On May 30, 1983, the trial court ordered that a writ of attachment issue, the order stating that it appeared to the trial court that defendant has left the State of Georgia and his whereabouts are unknown. The writ of attachment was issued on May 31, 1983, and executed on June 1, 1983, certain property of the defendant being levied upon by the sheriff.
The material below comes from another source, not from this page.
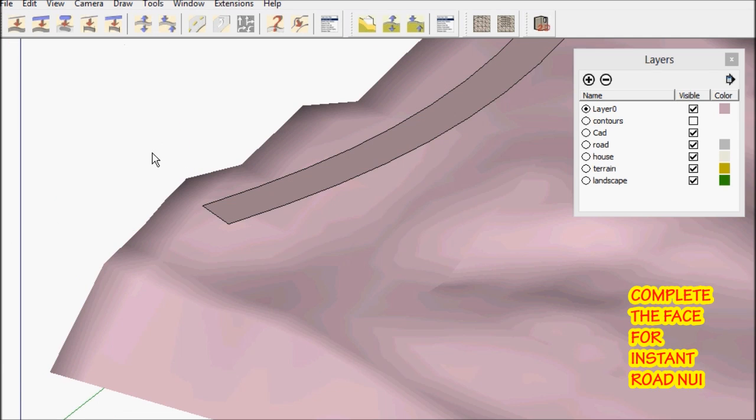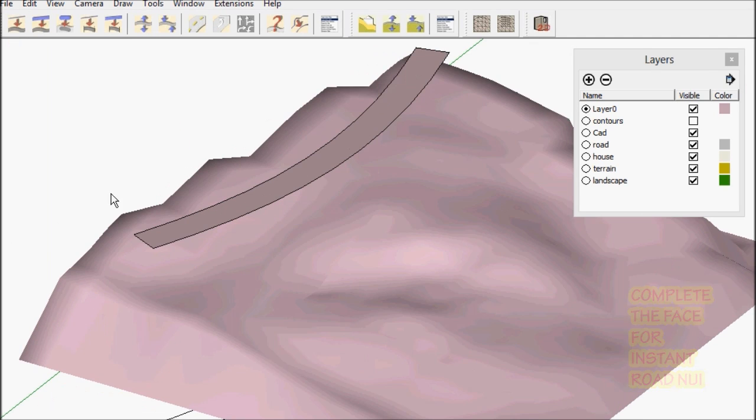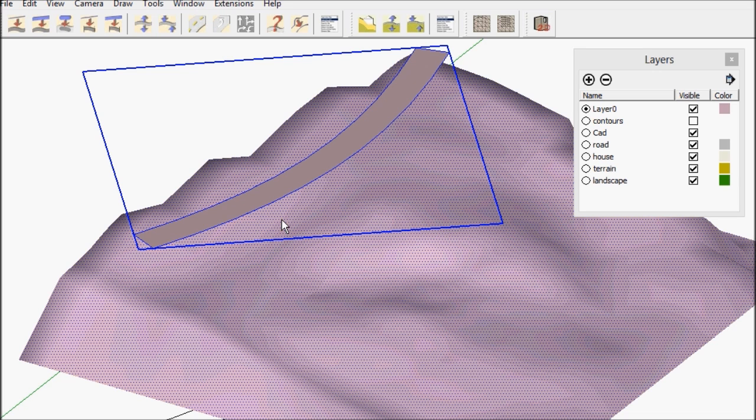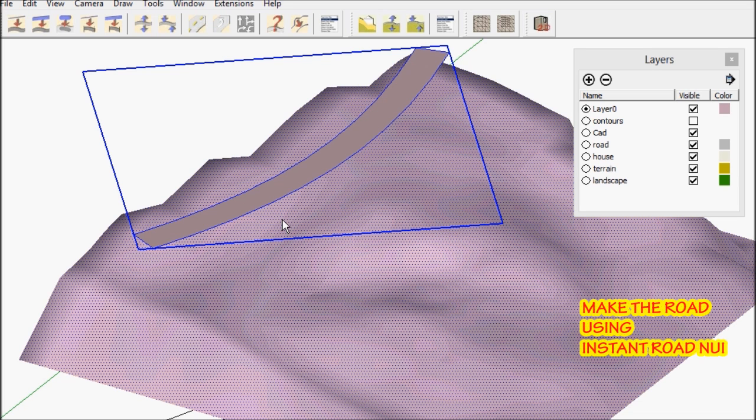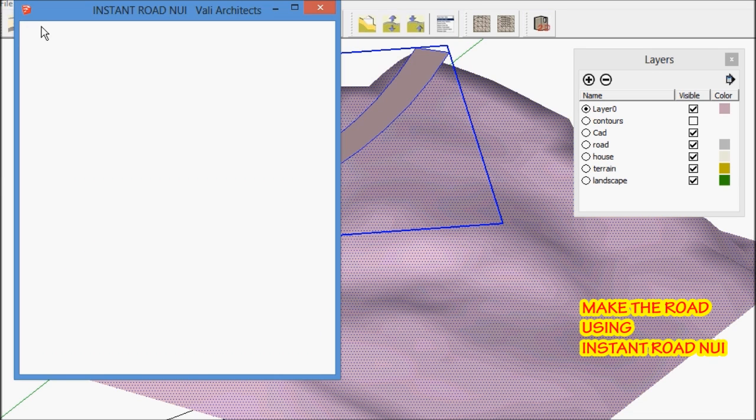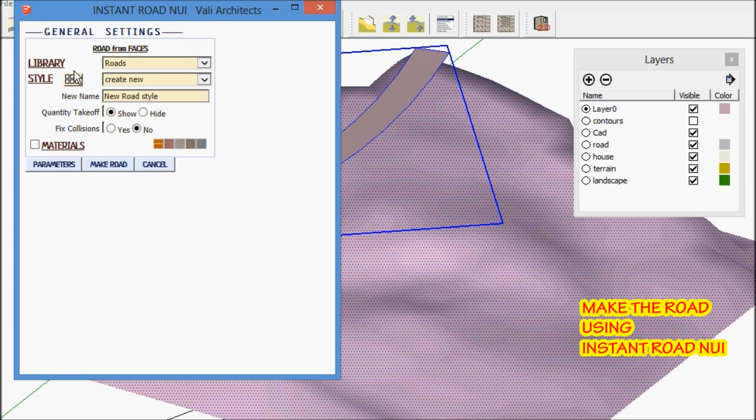And I complete the face so I can use Instant Road NUI. Select the road outline and terrain and choose a simple style.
On July 18, 1983, defendant filed his traverse and the matter was set for hearing on August 4, 1983. On August 25, 1983, an order was filed (nunc pro tunc to August 4, 1983) denying plaintiff's application for attachment and providing that the defendant's property levied upon is free from any lien by virtue of plaintiff's attachment. Plaintiff appeals. Held:
Plaintiff's brief addresses only the issue of whether plaintiff's affidavit (as sworn to by her attorney) has satisfied the requirements of OCGA 18-3-9
and focuses upon whether any deficiency in plaintiff's affidavit arises because it is sworn to by plaintiff's attorney as opposed to plaintiff personally. Prior to its amendment by Ga. L. 1980, pp. 1065, 1066, Code Ann. 8-109 (Ga. L. 1968, p. 1013), predecessor of OCGA 18-3-9
, specifically provided for the party seeking the attachment, his agent or his attorney at law making the affidavit. The language enacted in 1980 and presently set forth in OCGA 18-3-9
does not specifically indicate whether the plaintiff's attorney rather than plaintiff may sign the affidavit.
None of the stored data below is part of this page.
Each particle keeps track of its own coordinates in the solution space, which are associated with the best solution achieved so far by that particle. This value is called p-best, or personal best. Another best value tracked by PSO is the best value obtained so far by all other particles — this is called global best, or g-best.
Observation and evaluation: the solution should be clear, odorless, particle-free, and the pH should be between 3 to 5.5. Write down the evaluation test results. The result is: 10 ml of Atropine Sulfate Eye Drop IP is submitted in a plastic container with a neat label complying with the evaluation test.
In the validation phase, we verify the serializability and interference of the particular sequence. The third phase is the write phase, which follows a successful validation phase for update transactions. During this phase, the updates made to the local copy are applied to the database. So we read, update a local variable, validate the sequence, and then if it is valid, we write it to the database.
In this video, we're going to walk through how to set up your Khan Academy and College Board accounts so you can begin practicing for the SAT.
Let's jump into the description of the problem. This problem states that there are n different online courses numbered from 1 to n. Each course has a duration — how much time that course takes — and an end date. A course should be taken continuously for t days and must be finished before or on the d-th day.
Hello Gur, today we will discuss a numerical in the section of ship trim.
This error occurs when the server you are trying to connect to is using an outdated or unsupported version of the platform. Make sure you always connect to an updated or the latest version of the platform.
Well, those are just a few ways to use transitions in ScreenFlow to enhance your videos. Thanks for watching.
While the suggestion that plaintiff's attorney may not sign the affidavit for attachment would appear to be inconsistent with the provisions of OCGA 18-3-19
(1), we do not reach a resolution of this issue. The record before us contains no indication as to whether this issue was germane to the trial court's decision.
Defendant's traverse (of plaintiff's affidavit) filed on July 18, 1983, was authorized by the provisions of OCGA 18-3-15
. Defendant's traverse averred that he was not indebted to plaintiff and that plaintiff's attorney did not conduct a diligent search to ascertain defendant's whereabouts, defendant having left a change of address with the local post office by which he received forwarded mail at his address in Florida. The record also contains a notice of defense counsel's intent to bring the traverse on for hearing before the trial court on August 4, 1983, and a subpoena requiring plaintiff's presence at that time.
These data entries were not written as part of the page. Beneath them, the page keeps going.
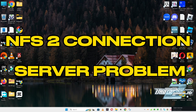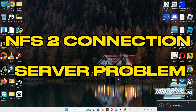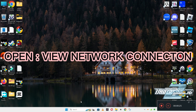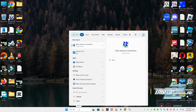Hello guys, welcome back to the channel. In this video, I will show you how to fix Need for Speed Shift 2 connection server issues on your Windows PC or laptop. So to fix this issue, follow every step as I am showing in this video and don't forget to subscribe the channel and press the bell icon. Hope so, this will fix your problem.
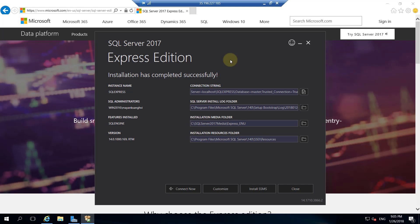Installation is completed successfully. This is the instance name SQL Express. SQL administrator is Mayang Sanghree. Features installed: SQL engine, and this is the version.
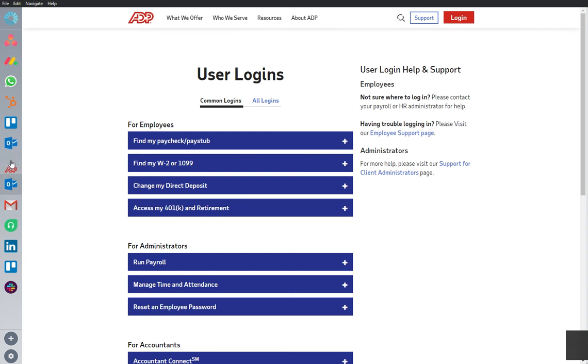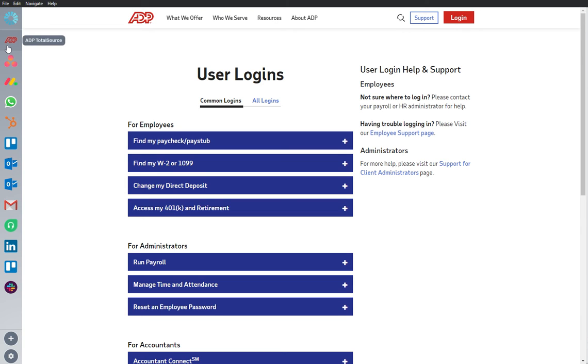ADP TotalSource is an important app that I use frequently, so I'm going to rearrange it and bring it on the top of my sidebar, and I can work from here.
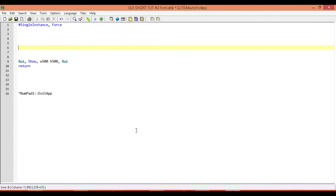How's it going? This is Hellbent, and welcome back to GUI short tutorial number two. In this one we're going to be looking at how to change the font, the size, the text type, and all that within AutoHotKey GUIs.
The record contains no transcript of a hearing on the traverse. There is no contrary indication, hence there is a presumption that the trial court complied with the provision of OCGA 18-3-15
requiring plaintiff to appear and to prove the grounds for the issuance of the attachment. Murer v. Howard, 165 Ga. App. 230 (299 SE2d 151)
; Tab Sales v. D & D Distrib., 153 Ga. App. 779
, 780 (1) (266 SE2d 558
). OCGA 18-3-15
requires that if the plaintiff fails to carry his burden of proof the order authorizing the attachment shall be revoked. The trial court's order on August 25, 1983, nunc pro tunc to August 4, 1983, denying plaintiff's application for attachment appears to be in substance a revocation of the attachment under the provisions of OCGA 18-3-15
. Such order presumably being predicated upon a factual determination derived from the evidence presented at the hearing on defendant's traverse and there being no transcript of that hearing presented to us for review on appeal, we must assume that the judgment of the trial court was supported by the evidence. Jackson v. Jackson, 243 Ga. 338 (253 SE2d 758)
; Siegel v. Gen. Parts Corp., 165 Ga. App. 339
, 340 (2) (301 SE2d 292
). We find no error in the trial court's revocation of the writ of attachment.
Howard E. Yancey, Jr., for appellee.